MLA for Halifax Needham
- In office 1988–1998
- Preceded by: Edmund L. Morris
- Succeeded by: Maureen MacDonald

Personal details
- Born: Gerald Joseph O'Malley 25 November 1927 Halifax, Nova Scotia, Canada
- Died: 16 November 2018 (aged 90) Halifax, Nova Scotia, Canada
- Party: Liberal
- Spouse: Marie Elizabeth Langan ​ ​(m. 1953)​
- Occupation: Educator

= Gerry O'Malley =

Canadian politician (1927–2018)

Gerald Joseph O'Malley (25 November 1927 – 16 November 2018) was a Canadian politician. He represented the electoral district of Halifax Needham in the Nova Scotia House of Assembly from 1988 to 1998, as a member of the Liberals.

An avid educational advocate, O’Malley worked at Nova Scotia Community College as a principal before entering politics. He served in the Nova Scotia Assembly for a decade and became the minister of supply and services and then minister of science and technology under the premier, John Savage.

==Early life==
O'Malley was born in Halifax in 1927 to Michael O'Malley and Mary Brackett. He was educated at Saint Mary's University, originally wanting to be an electrician. He was in the Royal Canadian Air Force, retiring in 1967.

An avid educational advocate, O'Malley was a vocational teacher and later a principal at the Akerley campus of the Nova Scotia Community College in Halifax.

==Career==
In 1980, O'Malley was elected to Halifax City Council, where he was deputy mayor in 1984.
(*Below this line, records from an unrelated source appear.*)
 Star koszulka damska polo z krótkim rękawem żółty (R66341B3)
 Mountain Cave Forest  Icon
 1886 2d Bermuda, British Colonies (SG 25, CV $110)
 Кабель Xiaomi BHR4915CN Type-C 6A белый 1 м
O'Malley entered provincial politics in the 1988 election, defeating New Democrat Maureen MacDonald by 776 votes in the Halifax Needham riding. He was re-elected in the 1993 election, defeating his New Democrat opponent by 972 votes. He served as a backbench member of John Savage's government until March 1995, when he was appointed to the Executive Council of Nova Scotia as Minister of Supply and Services.
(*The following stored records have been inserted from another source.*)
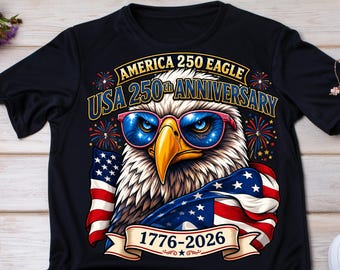USA 250th Anniversary PNG bundle, Patriotic Bald Eagle, American Flag (Digital Download)
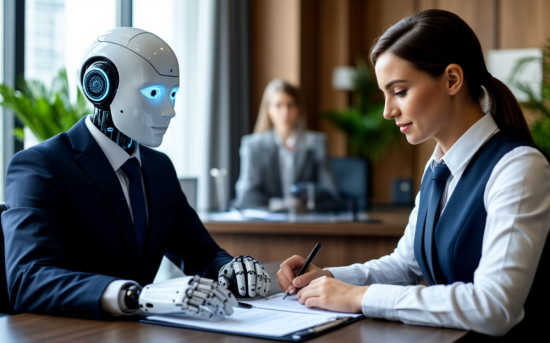 AI-legal-assistant-and-lawyer-collaborating-on-document-review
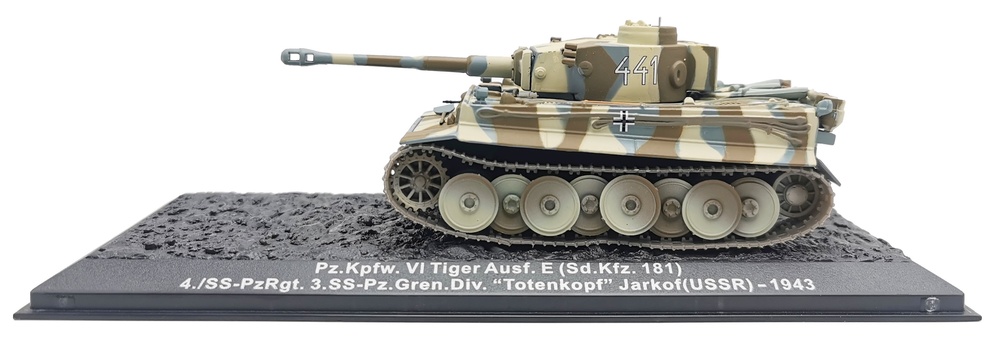 Pz.Kpfw. Tiger VI Ausf.E 4./SS Pz Rgt 3.SS Pz Green Div. Totenkopf Jarkof 1943, 1:72, Altaya 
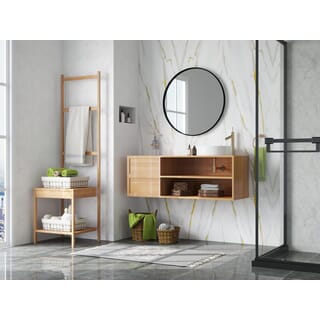 GREAT WOOD บอร์ด SPC ลายหินอ่อนเคลือบ UV รุ่นJF122025-UV-LJ80007T Size122x244x0.25cm. ลายขาวหินอ่อน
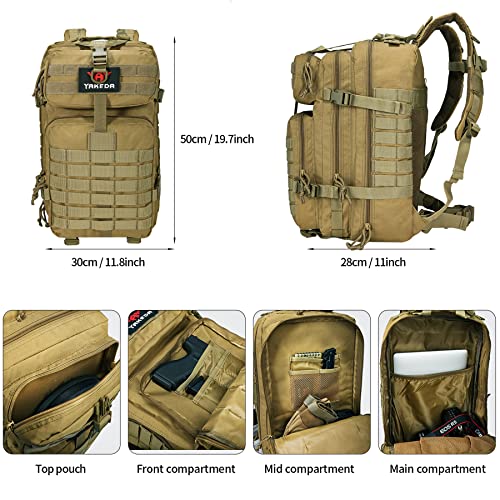 vAv YAKEDA 45L Mud Tactical Backpack for Men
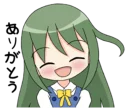 Sticker from kawaii anime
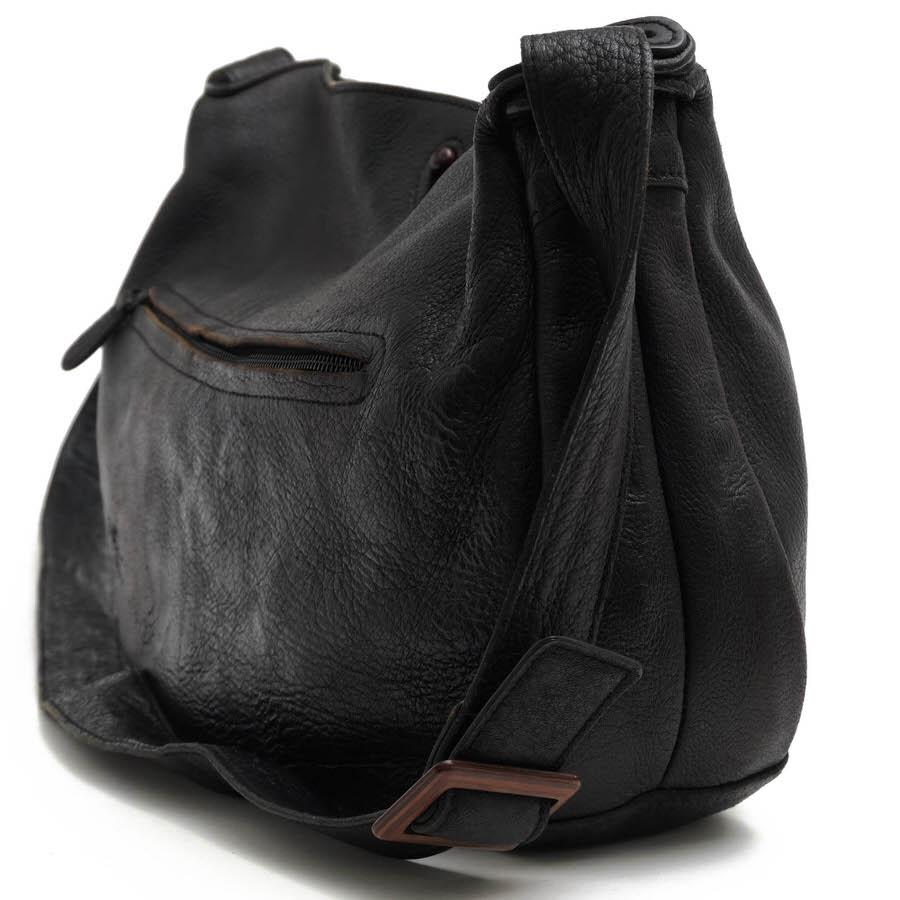 ディアスキン　ショルダーバッグ ディアスキンショルダーバッグ黒革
In March 1996, O'Malley was shuffled to minister of science and technology. When Russell MacLellan was sworn-in as premier in July 1997, O'Malley was moved to minister of labour.

O’Malley was moved to the labour portfolio, where he brought in safety training changes in the wake of the Westray mining disaster that resulted in 26 deaths. During his time as minister of supply and services, O'Malley once faced public criticism and outcry when he was in Sydney to announce the plan to cap the tar ponds. Protesters forced him to cut short the event and he was escorted out of the room due to security concerns as the protests intensified.

Despite indications he might retire, O'Malley ran for re-election in 1998, but was defeated by New Democrat Maureen MacDonald by over 2,300 votes.

==Personal life==
O'Malley married Marie Elizabeth Langan in 1953. They had four children. He continued to live in Nova Scotia until his death at his Halifax home on 16 November 2018, nine days before his 91st birthday.